Scientists have announced the resumption of a steady decline in ozone-depleting CFC (chlorofluorocarbons) gases. CFC gases released into the atmosphere through perfumes, air conditioners, refrigerators and exhaust fumes react with ozone and cause the ozone layer to break down.
However, atmospheric measurements published in 2018 showed that CFCs were produced illegally in East China. However, recent research has shown that production has stopped and the ozone layer improvement process has resumed.
OZONE FOLDING LIFE
The ozone layer absorbs most of the ultraviolet radiation from the Sun and is located in the upper atmosphere.
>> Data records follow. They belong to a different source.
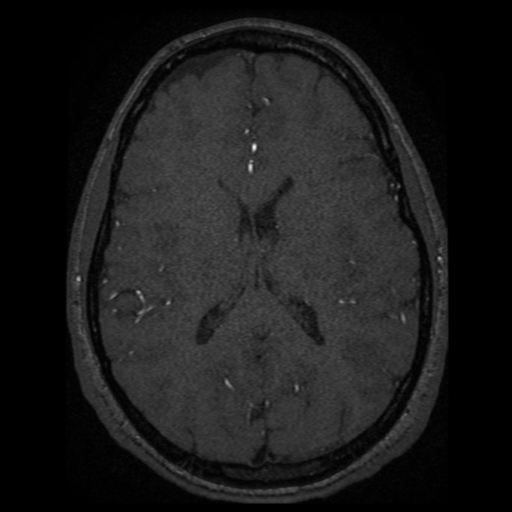 Normal brain MRA (Radiopaedia 41046-43793 Axial MRA 4).png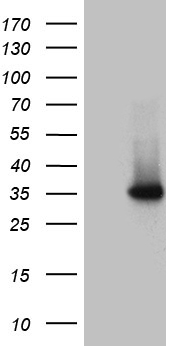 DNAJC27 Antibody - HEK293T cells were transfected with the pCMV6-ENTRY control. (Left lane) or pCMV6-ENTRY DNAJC27. (Right lane) cDNA for 48 hrs and lysed. Equivalent amounts of cell lysates. (5 ug per lane) were separated by SDS-PAGE and immunoblotted with anti-DNAJC27. (1:2000)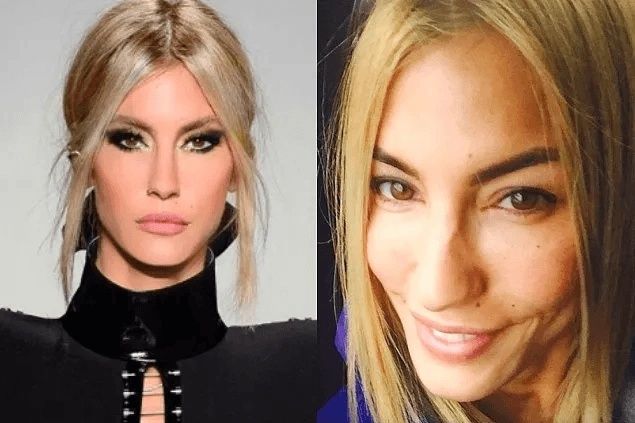 Ünlülerin Makyajsız Halleri Rüyalara Giriyor! Burcu Özberk, Ebru Şahin, Aline Boz Makyajsız Halleri! 14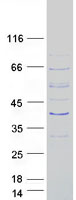 protq8n6g2 c13orf26 tex26 human recombinant protein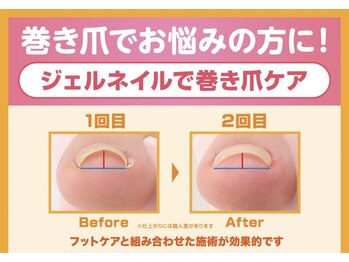 ブレスネイル(brace Nail)の写真/足元から綺麗に♪フットケアで乾燥しない美しい足元を！たしかな施術で巻き爪でお悩みの方にも◎[表参道]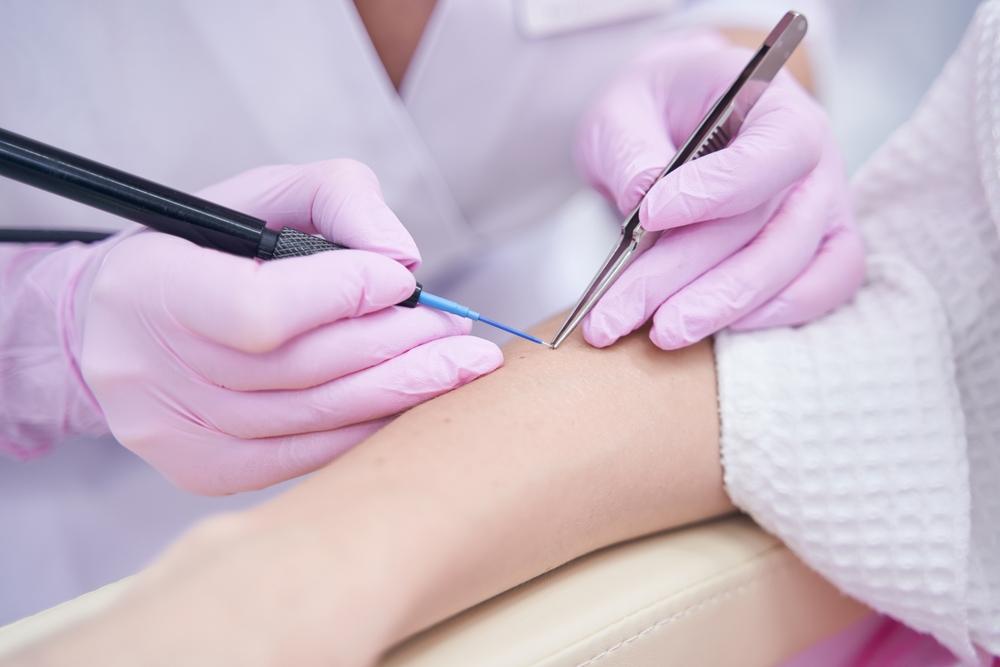 Manfaat Cauter, Prosedur untuk Atasi Kelainan pada Kulit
Damage to the layer means that more ultraviolet radiation can reach the earth and harm humans and other living things. Ultraviolet rays, which are very dangerous, can damage the DNA of living things or cause deadly diseases such as skin cancer.
On the other hand, the role of CFCs in ozone depletion has been known since the 1980s. The findings, based on several years of research by an international research team, were published in two separate articles in the journal Nature.
In the first article, it was revealed that global trichlorofluoromethane (CFC-11) emissions, a type of CFC, decreased in 2019 in proportion to the global ban on CFC production. An international clause prohibiting the production of CFCs was added to the 1987 Montreal Protocol on Substances that Deplete the Ozone Layer. The agreement will be signed in Turkey, including about 200 countries.
THE ANALYSIS STOPPED IN 2018
Atmospheric scientist Dr. Bristol University made a statement on the subject. “Things were going as planned,” Luke Western said. However, a study conducted in 2018 revealed that the concentration of CFCs in the atmosphere did not fall as much as we expected. We wanted to know what happened. “My research has shown that additional CFC-1s come mainly from East China,” he said.
Dr. Western and his colleagues used data from air monitoring stations in South Korea and Japan as part of their research. The results showed that CFCs are used in most of the polyurethane insulation foam produced by companies in the region.
However, Western said that with the addition of the substance to the Montreal Protocol in 2019, emissions have returned to unprecedented levels since 2013. Restoration of the ozone layer is now “on the way”, Western said he hopes the ozone layer will return to the levels seen in the 1980s by the end of this century.